Wow your friends with your very own MIDI concertina
All of the little music nerds will be so jealous of you and your homemade MIDI concertina. They'll be all like "oh man, look at that awesome MIDI controller that looks like a Hayden Duet Concertina, an instrument well known for its easy playability and chording. We're so jealous." And you'll be all like "yeah, I know, it's awesome. I built it based on the design by Paul Everett, and though it lacks the actual accordion type velocity control of an actual Hayden Duet Concertina, it is still quite playable and responsive." It's going to be so great.
[Via Make]
[Via Make]

















Reader Comments (Page 1 of 1)
alex @ Jan 3rd 2007 7:31AM
I will!
humpback @ Jan 3rd 2007 2:27AM
While this may be appropriate for the Make sect, it seems engadget readers would be more attracted to the equally bizarre thummer. If you're going to do the concertina piece you might as well include the one with dual analog control sticks. http://thumtronics.com/
Jeff @ Jan 3rd 2007 2:35AM
rad!
DJKissler @ Jan 3rd 2007 3:26AM
hell yea!
Still keepin my M-Audio o2
ManekiNeko @ Jan 3rd 2007 4:36AM
An electronic accordion that can fit in your pocket?! I think Weird Al Yankovic just got a raging boner.
JR
taylor @ Jan 3rd 2007 6:11AM
i will probably have this conversation
ePants @ Jan 3rd 2007 9:43AM
This was probably the most amusing article I've ever read on Engadget. Not as much the subject matter as the commendable satire.
^_^
Meltz; @ Jan 3rd 2007 1:45PM
Agreed. Very well-written.
David Boroditsky @ Jan 3rd 2007 12:02PM
Hmmm. I'm not sure who this Hayden guy is, but Haydn ( http://en.wikipedia.org/wiki/Joseph_Haydn ) sure wrote some nice music for conertinas.
Chris @ Jan 3rd 2007 2:22PM
David Boroditsky -- Brian Hayden invented this particular concertina fingering system (http://www.well.com/~jax/rcfb/hayden_duet.html) in the 1960s. The first concertina (credited to Sir Joseph Wheatstone) wasn't built until 1829 (http://www.concertina.info/tina.faq/conc-his.htm), 20 years after Joseph Haydn died.

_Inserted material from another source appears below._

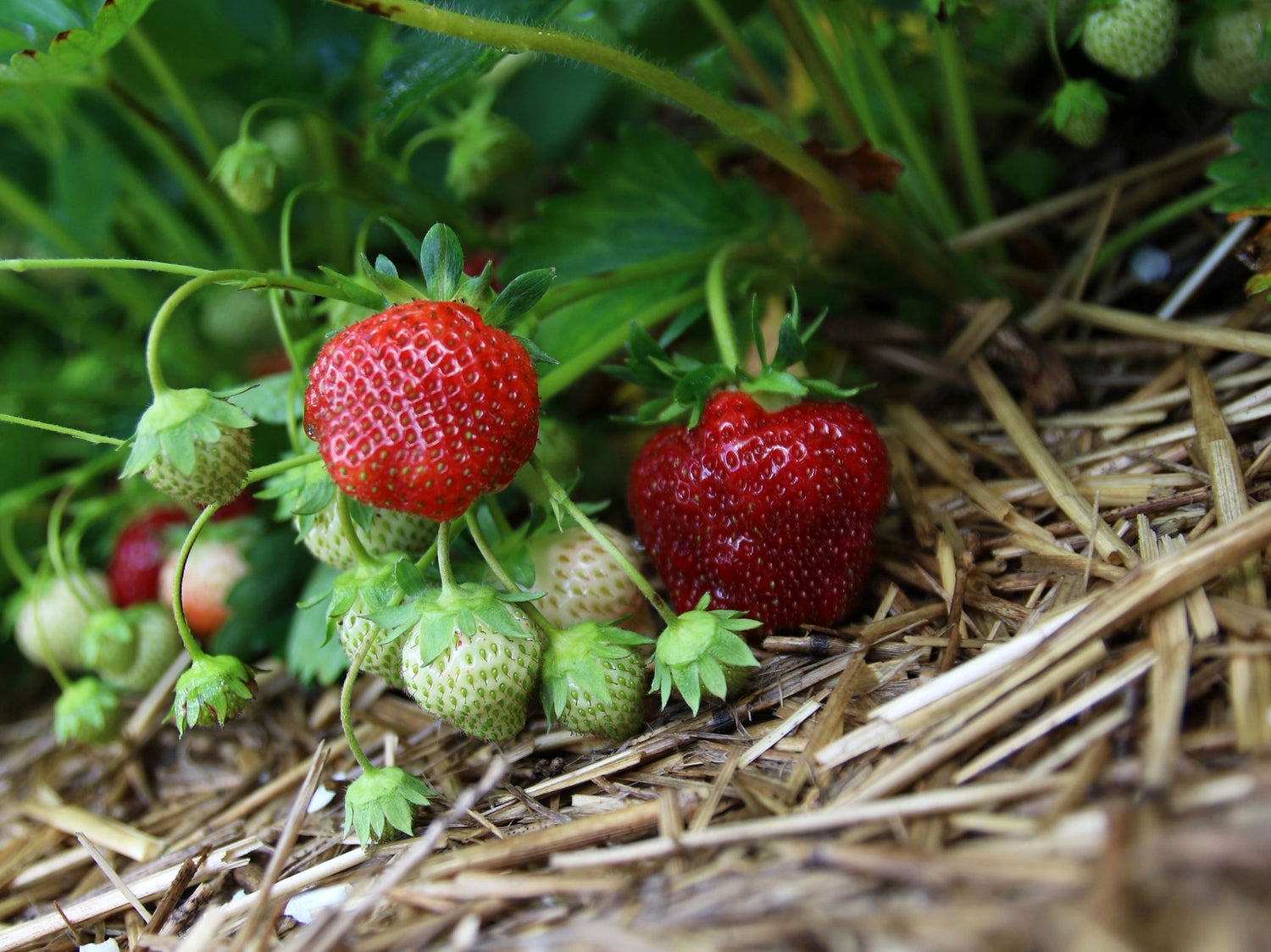fraises, cueillette de fraises, fraises du Québec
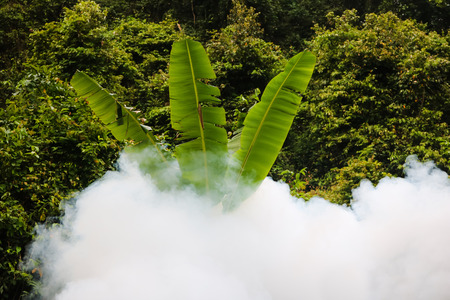 Trees with smoke by fogging machine.の写真素材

zenprime @ Jan 3rd 2007 12:42PM
It's nice to know I'm not the only one who thought of Weird Al. "My Bologna" began playing in my head as I was reading this.
Stewart Dean @ Jan 5th 2007 8:50AM
As a concertina player (but of the English keyboard system), this is interesting...though I saw the same thing some 3-4 years ago, with a wider keyboard at the Squeeze-In...you can learn about that and concertinas in general at
http://www.buttonbox.com
The Hayden system is definitely the superior tina keyboard, thoug, being devised recently, it is uncommon, and real Hayden tinas are very rare though the Butto Box people look to change that.
It works like a guitar with a capo or Irving Berlin's piano with the keyboard crank...you can play in any key, just be starting in a different place. Amazing.
Real tinas are quite compact, durable and powerful...alas, good ones are $3-4K as these rally good ones are at least 75 years old.
You can hear my music at
http://www.sdean.net/ECDmusic/ECDtune.htm
For a real, full house, MIDI tina:
http://www.concertinaconnection.com/wakker%20midi.htm
This one is built by a man whose family has been doing model shop work for years for the Phillips Electronics people (who invented the CD) of the Netherlands.